The importance in Catholic theology of communion with the Church of Rome is the reason why the Catholic Church as a whole, of which all the particular Churches, eastern or western, in full communion with Rome are considered part, is commonly designated Roman Catholic, a term also used, though never officially by the Catholic Church itself, to refer only to its Latin Rite.

The technical term "particular Church" thus has two distinct, though related, meanings. The 1983 Code of Canon Law, which is concerned with the Latin-Rite Church alone, uses the term "particular Church" only in the sense of "local Church", as in its Canon 373: "It is within the competence of the supreme authority alone to establish particular Churches; once they are lawfully established, the law itself gives them juridical personality."[3] For the other kind of "particular Church" it uses the unambiguous phrase "autonomous ritual Church" (in Latin Ecclesia ritualis sui iuris).

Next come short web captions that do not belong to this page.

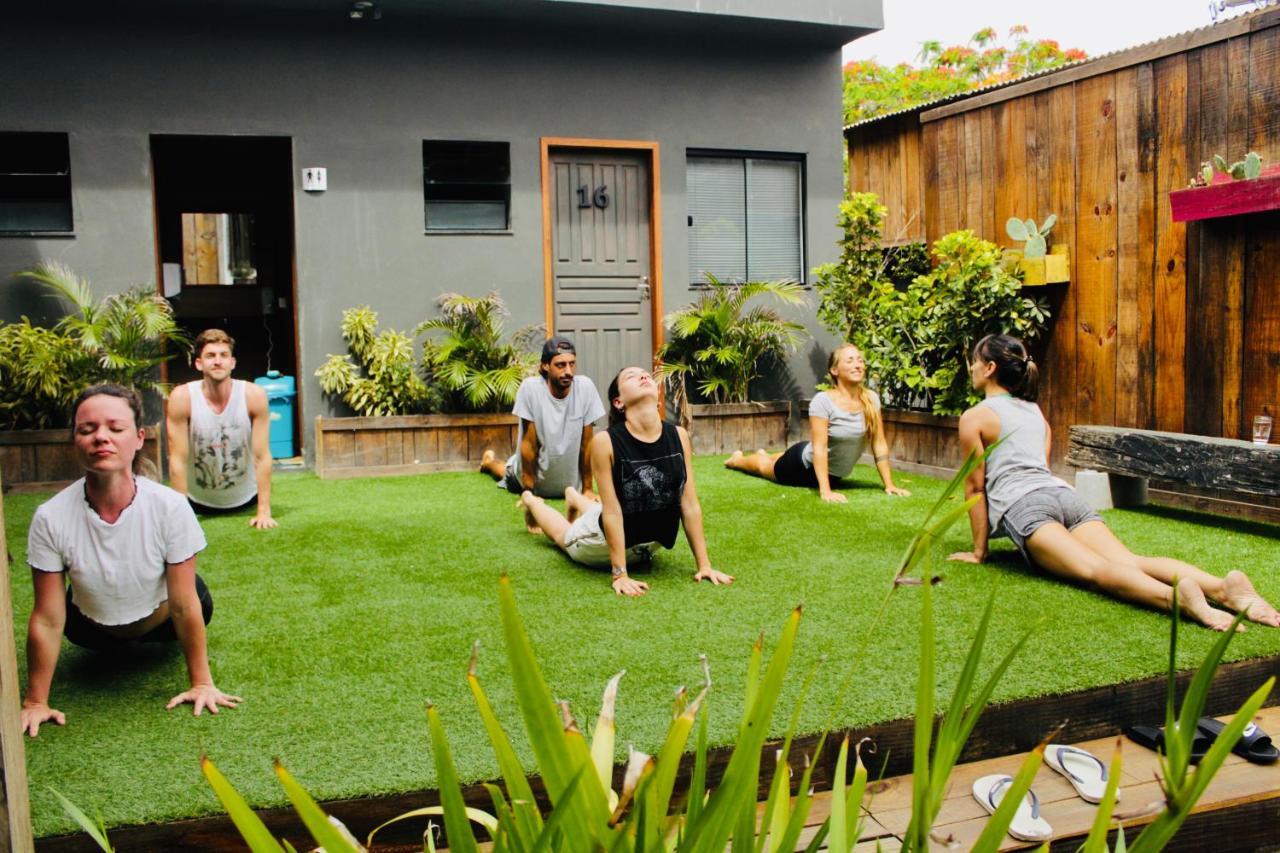 A Coroa Hostel & Suites อาร์ไฮยัล โด กาโบ ภายนอก รูปภาพ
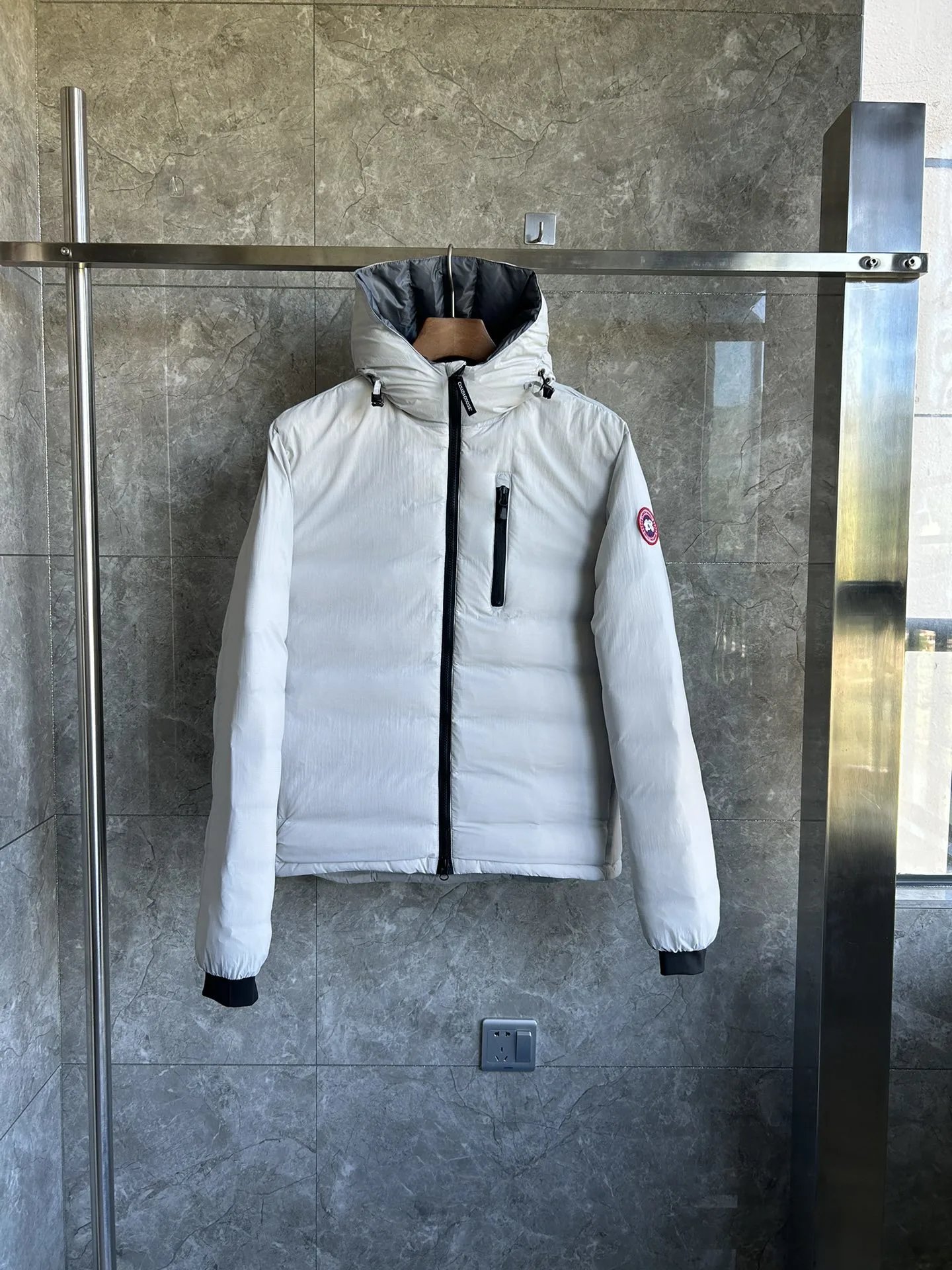 White 5078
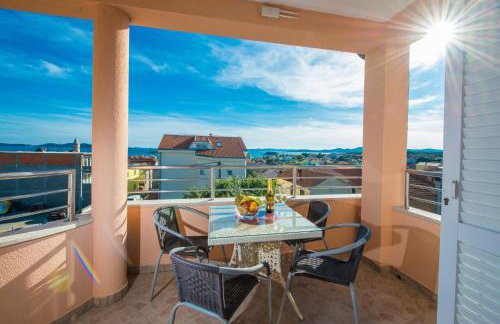 Villa Zdenka with heated pool - Photo 79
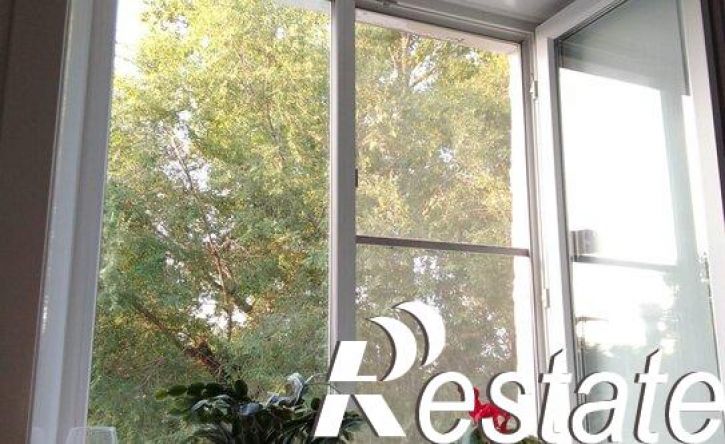 2-комн квартира улица Дикопольцева, 30,  д. 30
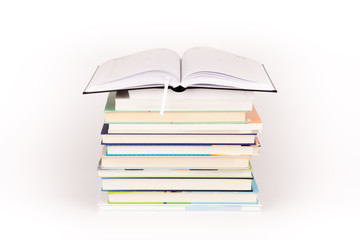 Buchstapel mit Terminplaner offen oben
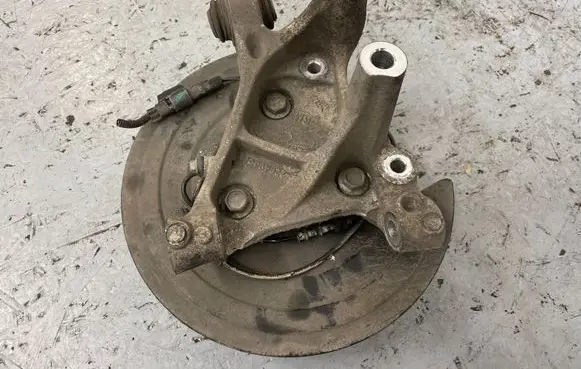 Opel Insignia B Rear wheel hub 22949387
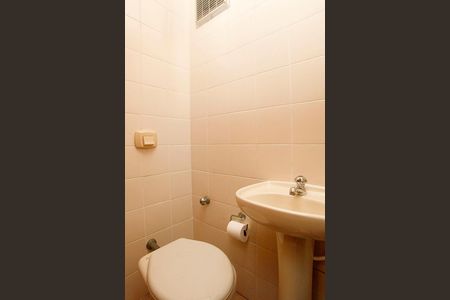 Apartamento à venda com 180m², 4 quartos e 3 vagasBanheiro 4 Serviço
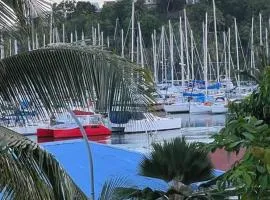 Duplex Marina gosier- vue Mer et bateaux équipé d'une citerne reliée à l'eau de ville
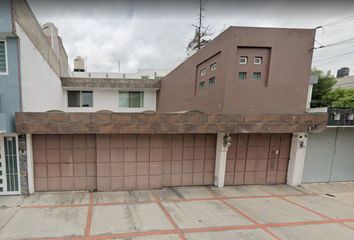 Casa en  Cda. De Otavalo 119, Lindavista Sur, Ciudad De México, Cdmx, México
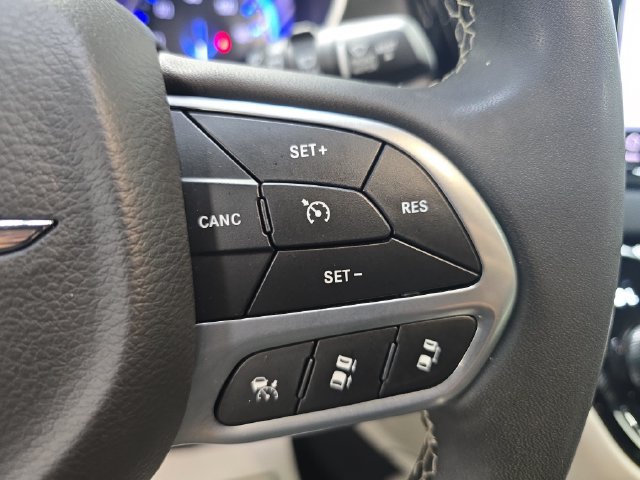Used 2023 Chrysler Pacifica Touring-L FWD image 21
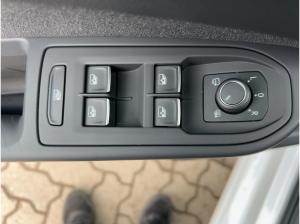 Volkswagen Golf VIII 1.5 eTSI Life DSG LED Panorama ACC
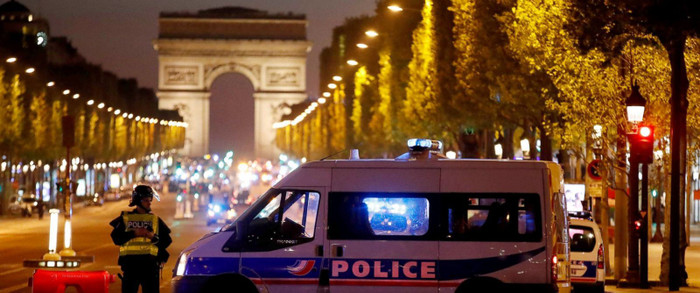 IS thừa nhận tiến hành vụ nổ súng trên Đại lộ Champs-Elysees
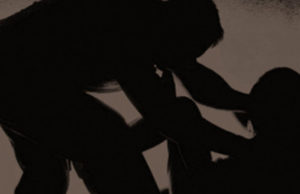 સગીરાને એકલા ઘરે બોલાવી એક પછી એક આચર્યું સામુહિક દુષ્કર્મ…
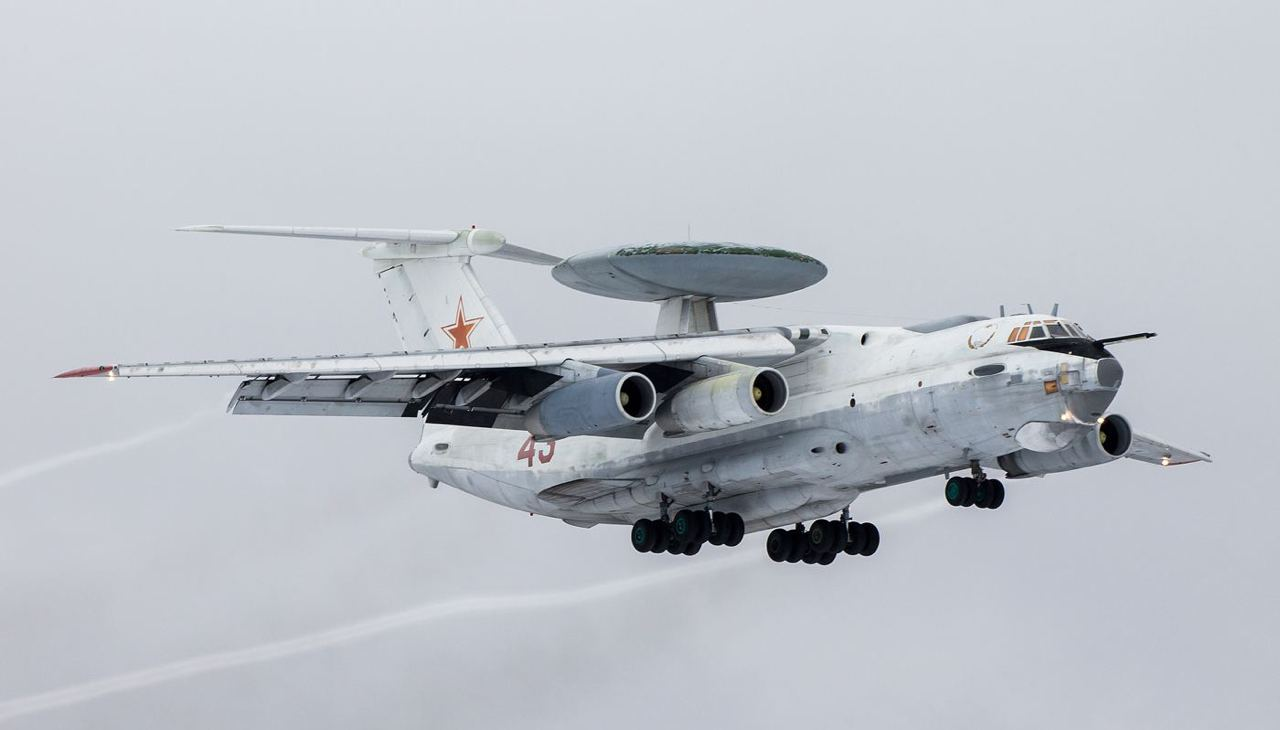 Більше не взлетить: літак А-50 на аеродромі в Білорусі атакували дронами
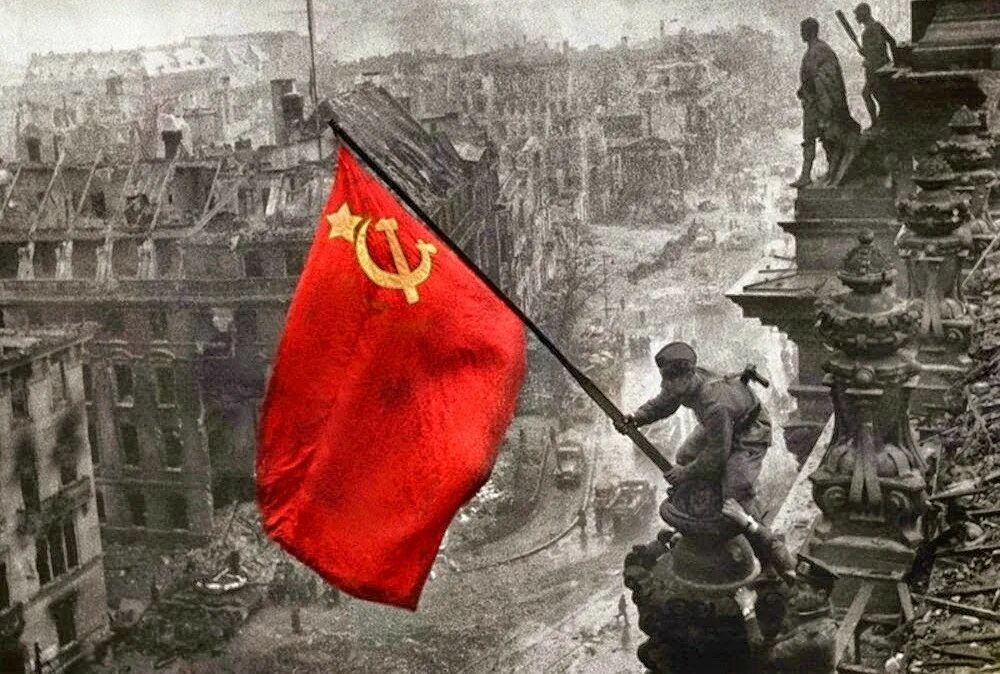 Знамя Победы над Рейхстагом в Берлине. Знаме Победы над рейгст. Флаг Победы 1945.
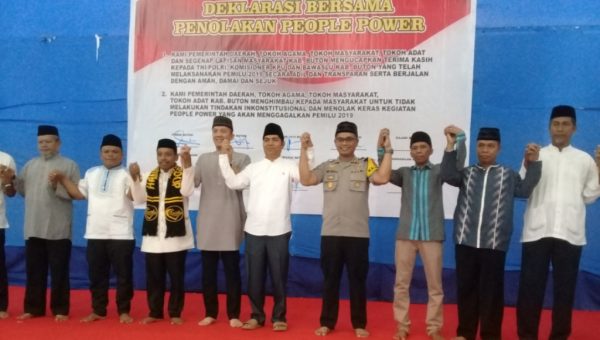 ﻿Bupati Buton, Ajak Masyarakat Tidak Ikut People Power
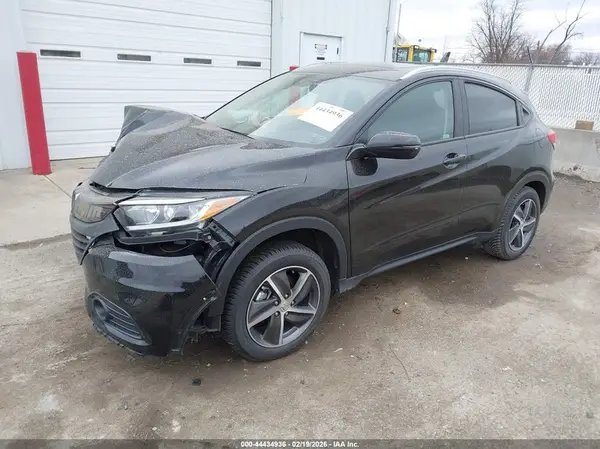 3CZRU6H54MM715021 2021 HONDA HR-V - Image 2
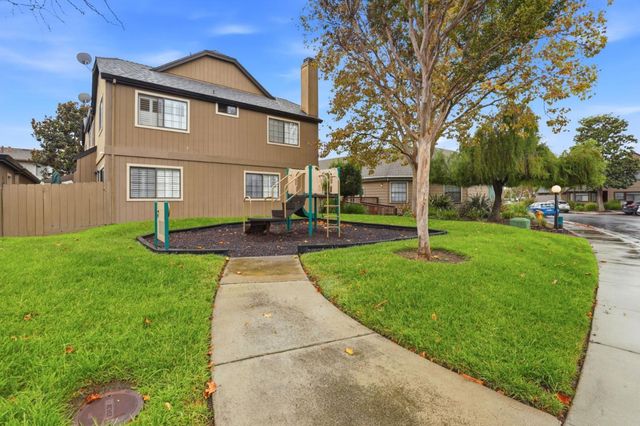 251 Gibson Drive G52, Hollister, CA 95023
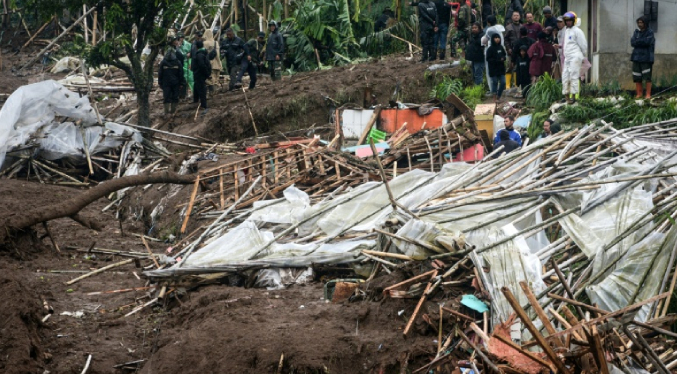Un alud deja ocho muertos y más de 80 desaparecidos en Indonesia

The 1990 Code of Canons of the Eastern Churches, which is instead concerned above all with particular Churches in this second meaning, has shortened this phrase to "autonomous Church" (in Latin, Ecclesia sui iuris), as in its canon 27: "A group of Christ’s faithful hierarchically linked in accordance with law and given express or tacit recognition by the supreme authority of the Church is in this Code called an autonomous Church."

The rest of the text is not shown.